◆ EXERCISE PROMPT ◆
Nothing but the lines below from the one containing "CHEVROLET EQUINOX image 6" through the one containing "дошку Георгію Арутюняну" should appear in the answer, exact and without pictures.

◆ DATASET EXCERPT ◆
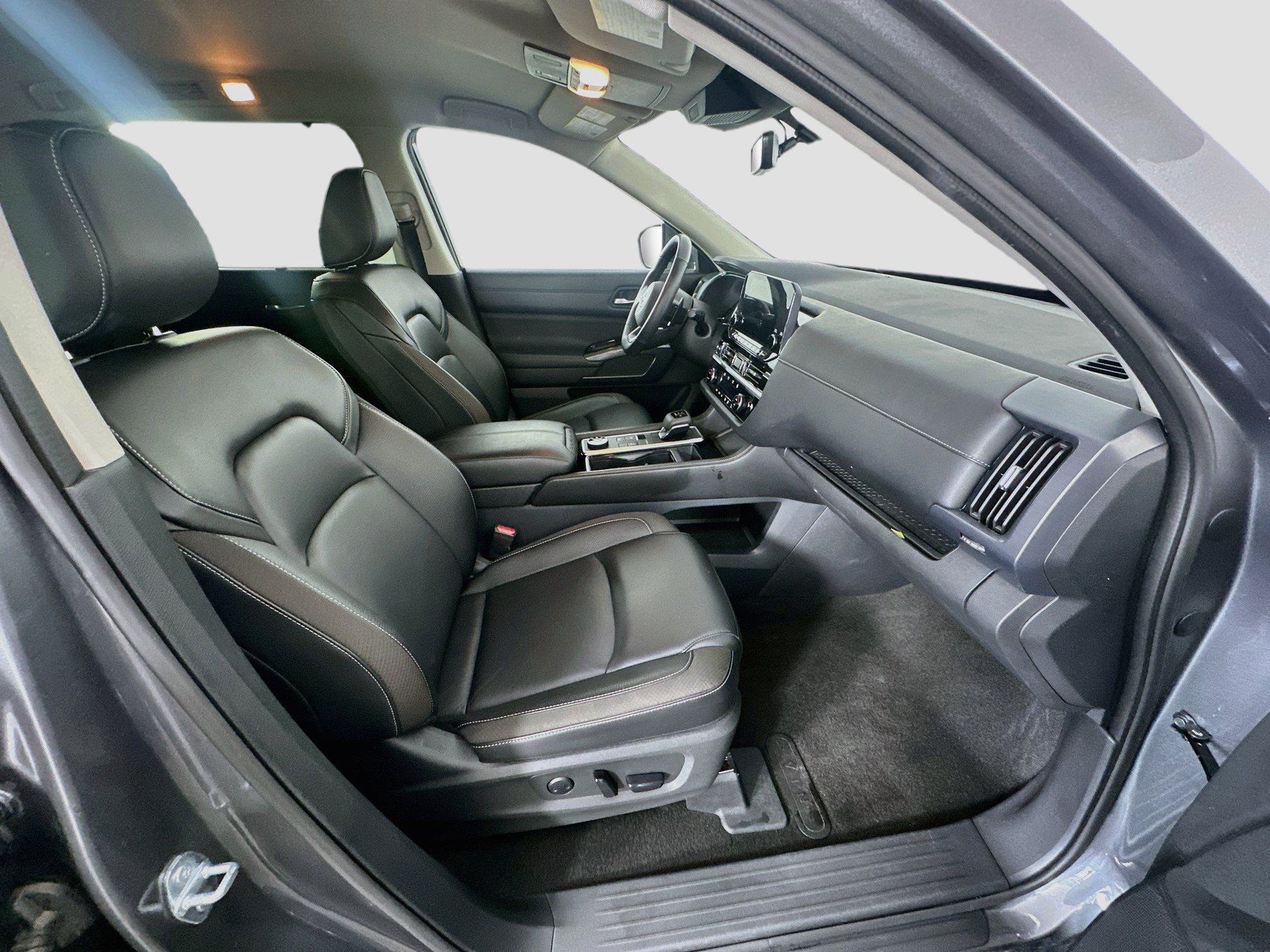 Used 2025 Nissan Pathfinder SL AWD/4WD image 34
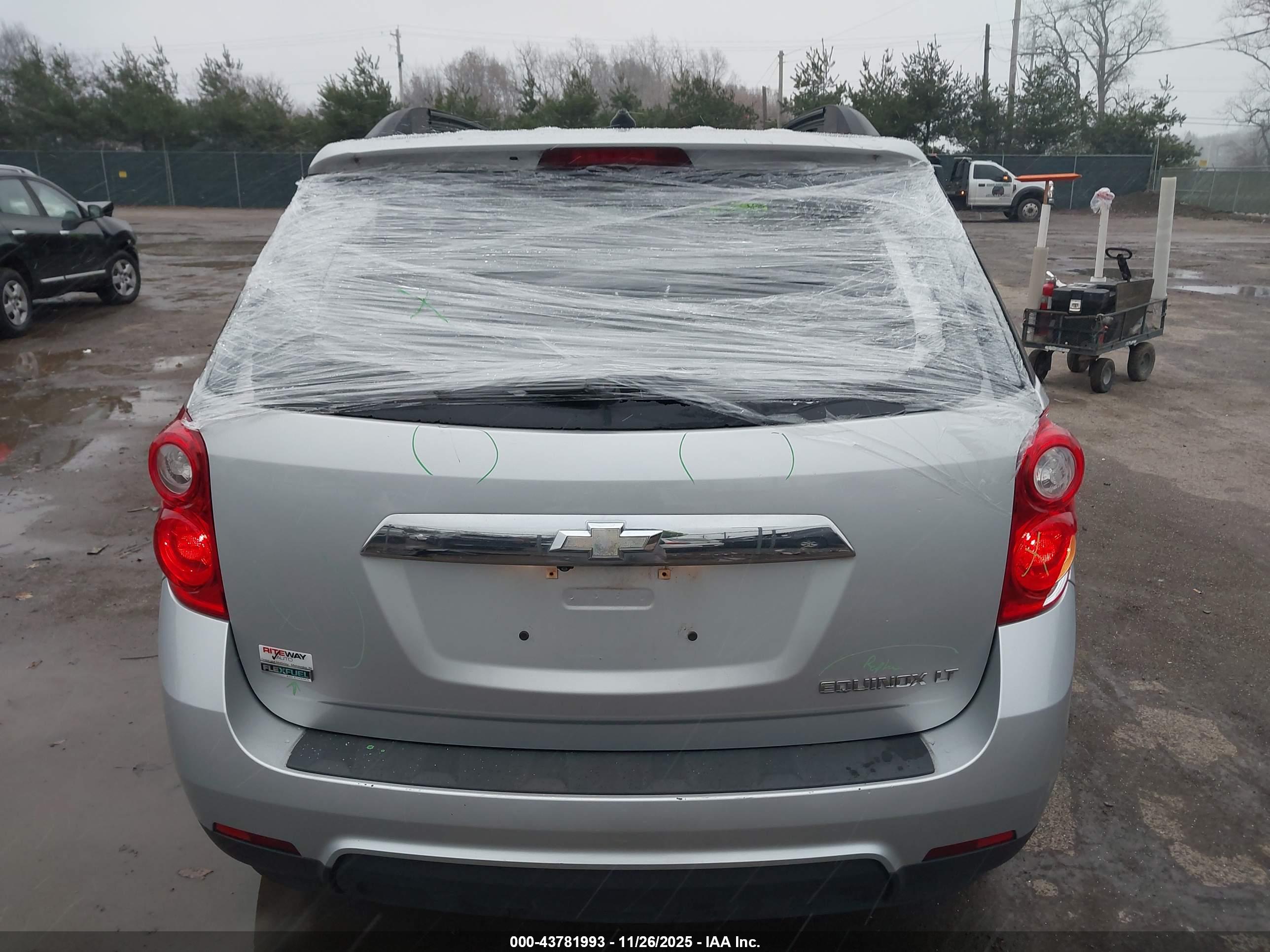 CHEVROLET EQUINOX image 6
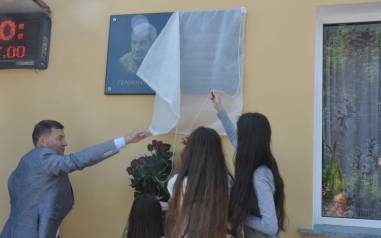 «Їхня смерть не була даремною»: на фасаді «Рівнеоблводоканалу» відкрили меморіальну дошку Георгію Арутюняну 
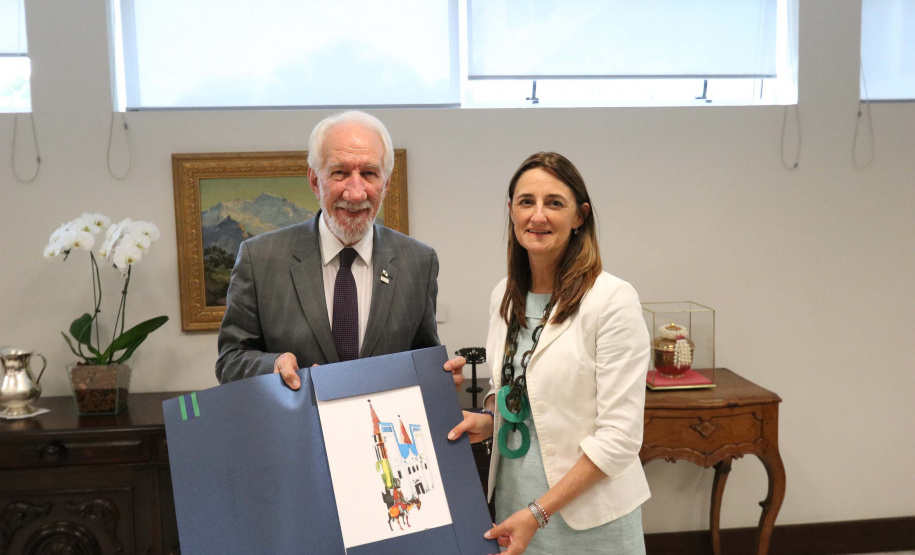 O vice-governador Darci Piana recebeu nesta terça-feira (8) a chefe de Delegação Adjunta da União Europeia (UE) no Brasil, Ana Beatriz Martins. Na reunião, foram discutidos temas de interesse do Governo do Estado, como a janela para investimentos estrangeiros em infraestrutura (rodovias e ferrovias) e projetos de turismo e comércio bilateral, além do acordo Mercosul-UE. Foto: Camila Tonetti/Vice-governadoria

◆ REPLY TO THE TASK ◆
 CHEVROLET EQUINOX image 6
 «Їхня смерть не була даремною»: на фасаді «Рівнеоблводоканалу» відкрили меморіальну дошку Георгію Арутюняну 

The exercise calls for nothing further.